Saturday, August 28, 2004

The Privilege of Voting

This has been zipping around the 'Net at the speed of email. Reflect a moment, and pay attention. Thanks to Deane for passing it along to me.

A short history lesson on the privilege of voting

The women were innocent and defenseless. And by the end of the night, they were barely alive. Forty prison guards wielding clubs and their warden's blessing went on a rampage against the 33 women wrongly convicted of "obstructing sidewalk traffic."

They beat Lucy Burn, chained her hands to the cell bars above her head and left her hanging for the night, bleeding and gasping for air. They hurled Dora Lewis into a dark cell, smashed her head against an iron bed and knocked her out cold. Her cellmate, Alice Cosu, thought Lewis was dead and suffered a heart attack. Additional affidavits describe the guards grabbing, dragging, beating, choking, slamming, pinching, twisting and kicking the women.

Thus unfolded the "Night of Terror" on Nov. 15, 1917, when the warden at the Occoquan Workhouse in Virginia ordered his guards to teach a lesson to the suffragists imprisoned there because they dared to picket Woodrow Wilson's White House for the right to vote.
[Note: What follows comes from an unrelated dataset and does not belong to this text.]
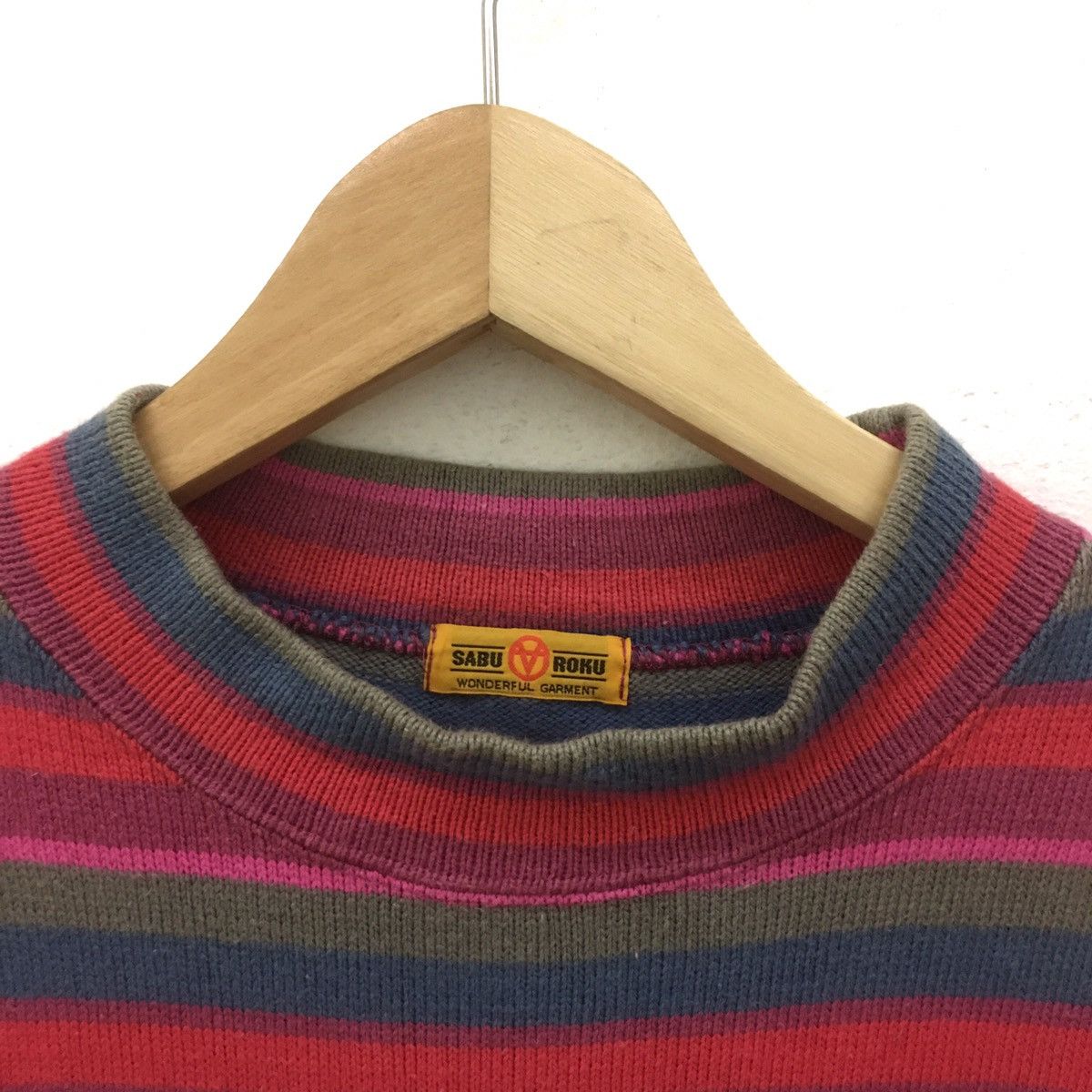 Japanese Brand Vintage Sweatshirt CrewNeck Multicolour Stripes Design Size US M / EU 48-50 / 2 - 4 Thumbnail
For weeks, the women's only water came from an open pail. Their food--all of it colorless slop--was infested with worms. When one of the leaders, Alice Paul, embarked on a hunger strike, they tied her to a chair, forced a tube down her throat and poured liquid into her until she vomited. She was tortured like this for weeks until word was smuggled out to the press.

So, refresh my memory. Some women won't vote this year because--why, exactly? We have carpool duties? We have to get to work? Our vote doesn't matter? It's raining? Last week, I went to a sparsely attended screening of HBO's new movie Iron Jawed Angels. It is a graphic depiction of the battle these women waged so that I could pull the curtain at the polling booth and have my say. I am ashamed to say I needed the reminder. All these years later, voter registration is still my passion. But the actual act of voting had become less personal for me, more rote. Frankly, voting often felt more like an obligation than a privilege. Sometimes it was inconvenient.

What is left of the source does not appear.